Picture: THE TIMES
Picture: THE TIMES

The economy has entered its eighth recession since 1961, following a shocking contraction in the first quarter. This has upset the economic consensus, suggesting that the economy is in far greater distress than most realised.

Real GDP (measured by production) decreased by 0.7% q/q seasonally adjusted and annualised in the first quarter of 2017, following a decrease of 0.3% in the fourth quarter of last year. (Two consecutive quarters of negative growth means that the economy is in a technical recession.)

In fact, the economy has contracted in four of the previous eight quarters.

"This is among the worst performances recorded anywhere in the emerging world," says Capital Economics’ John Ashbourne, who describes the latest GDP figure as "disastrous".

The consensus expectation was for growth of 1% q/q in the first quarter, with only Rand Merchant Bank having forecast a contraction.

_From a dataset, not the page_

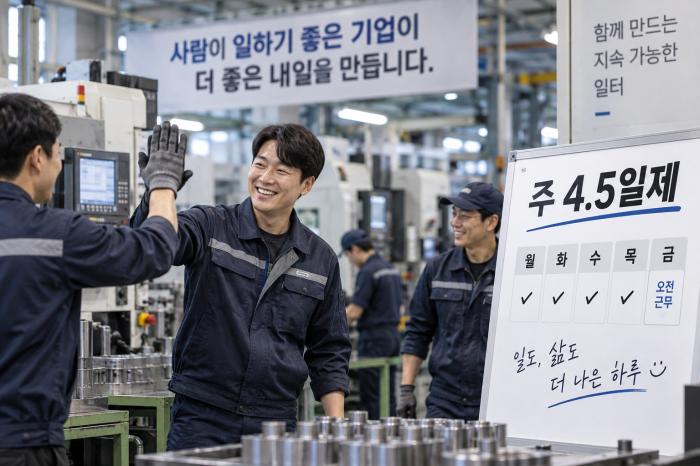 임금 줄이지 않고 주4.5일제… 제조업도 가능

Even more alarming is that the economy is likely to perform worse in the second quarter as the effects of President Jacob Zuma’s cabinet reshuffle, which precipitated SA’s sovereign rating downgrade to junk status, were felt only after the end of March.

Given the close relationship between business confidence and fixed investment, a further retraction in confidence caused by rising political risk is likely to have a negative knock-on effect on the country’s overall growth rate.

In the first quarter, gross fixed investment grew by 1% q/q, bolstered by an almost 8% q/q rise in investment in machinery and equipment. If this turns negative in the second quarter, as expected, it will pull yet another prop out from under the economy.

In the first quarter, only two of the economy’s 10 sectors posted positive quarterly growth — mining (12.8%) and agriculture (22.2%). The eight other sectors either contracted or posted zero growth.

The manufacturing industry is already deep in recession. It contracted by a further 3.7% in the first quarter, its third quarterly contraction in a row.

But the worst-performing sector was trade, catering and accommodation, which plunged by almost 6% q/q. Even financial and business services shrank. These have been among the few reliable pillars of support for the ailing economy.

"This may suggest that high unemployment and stagnant wages are finally dragging down the long-resilient SA consumer sector," says Ashbourne.